When the PS Vita was announced, me and my friends were looking forward to a new Monster Hunter adventure. We were fans of the series and were bent on continuing with our hunting adventures in a more formidable hardware. As always, fate has a funny way of striking down gamers’ dreams. We were smashed with the knowledge that our beloved coop game won’t appear on a Sony handheld. Yet, we were still awaiting for that one single game that would keep our fragile hunting-based friendship together. And then came Toukiden: Age of Demons. Released in Q1 2014, this hunting game felt similar to Monster Hunter, yet it exudes a unique feel to it. It did copy but it was undeniably fun with its unique storyline and design. Riding on the waves of success, developer Omega Force decided to extend the adventure further by introducing an expanded version, Toukiden: Kiwami, and luckily, we have one for review.
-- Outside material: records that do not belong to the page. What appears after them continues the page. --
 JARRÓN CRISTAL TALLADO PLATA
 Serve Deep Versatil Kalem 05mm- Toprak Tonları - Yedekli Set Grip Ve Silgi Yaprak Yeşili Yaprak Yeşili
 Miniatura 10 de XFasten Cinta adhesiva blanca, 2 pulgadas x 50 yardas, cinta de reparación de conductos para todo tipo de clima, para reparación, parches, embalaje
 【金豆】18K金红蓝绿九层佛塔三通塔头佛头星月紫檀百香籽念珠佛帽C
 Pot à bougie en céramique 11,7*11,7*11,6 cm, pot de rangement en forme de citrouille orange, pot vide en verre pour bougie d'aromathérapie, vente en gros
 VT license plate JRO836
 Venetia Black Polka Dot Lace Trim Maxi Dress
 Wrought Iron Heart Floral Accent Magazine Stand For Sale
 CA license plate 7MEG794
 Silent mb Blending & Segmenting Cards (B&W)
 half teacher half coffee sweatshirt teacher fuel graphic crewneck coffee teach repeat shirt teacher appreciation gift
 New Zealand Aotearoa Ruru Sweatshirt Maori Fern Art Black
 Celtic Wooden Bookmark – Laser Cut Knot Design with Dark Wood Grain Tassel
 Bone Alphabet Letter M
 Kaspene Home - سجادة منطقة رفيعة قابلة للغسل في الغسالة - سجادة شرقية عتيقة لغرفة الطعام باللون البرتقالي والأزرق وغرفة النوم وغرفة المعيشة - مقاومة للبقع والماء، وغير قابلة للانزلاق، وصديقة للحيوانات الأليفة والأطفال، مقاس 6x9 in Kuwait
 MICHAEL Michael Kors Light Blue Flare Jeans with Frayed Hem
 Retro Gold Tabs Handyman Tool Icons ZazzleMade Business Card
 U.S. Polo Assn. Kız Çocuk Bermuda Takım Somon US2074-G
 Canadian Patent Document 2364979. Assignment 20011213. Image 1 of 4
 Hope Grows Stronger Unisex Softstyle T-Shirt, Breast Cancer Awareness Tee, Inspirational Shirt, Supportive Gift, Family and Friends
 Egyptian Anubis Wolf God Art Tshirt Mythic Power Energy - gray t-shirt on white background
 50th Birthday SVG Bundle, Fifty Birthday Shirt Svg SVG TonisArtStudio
The new version adds more missions, four more allied NPCs, three new weapons, and heck of a lot of features in the end-game and coop. The kicker is that it also includes the original game.
Monster Hunter with a Plot
Toukiden’s world is that of hopelessness. Endless legions of demons are raging to pour over the Earth, destroying and corrupting everything in their path. The lives of people in the villages attempt to be that of the usual, but the threat is always there, impeding progress and stymieing peace. There is however a fine line that demons can’t cross to achieve the victory that they constantly strive for. Slayers, elite individuals tasked to counter the opposing forces, stand ready to serve as humanity’s last line of defense. And you, the player, are part of that sort of A-team.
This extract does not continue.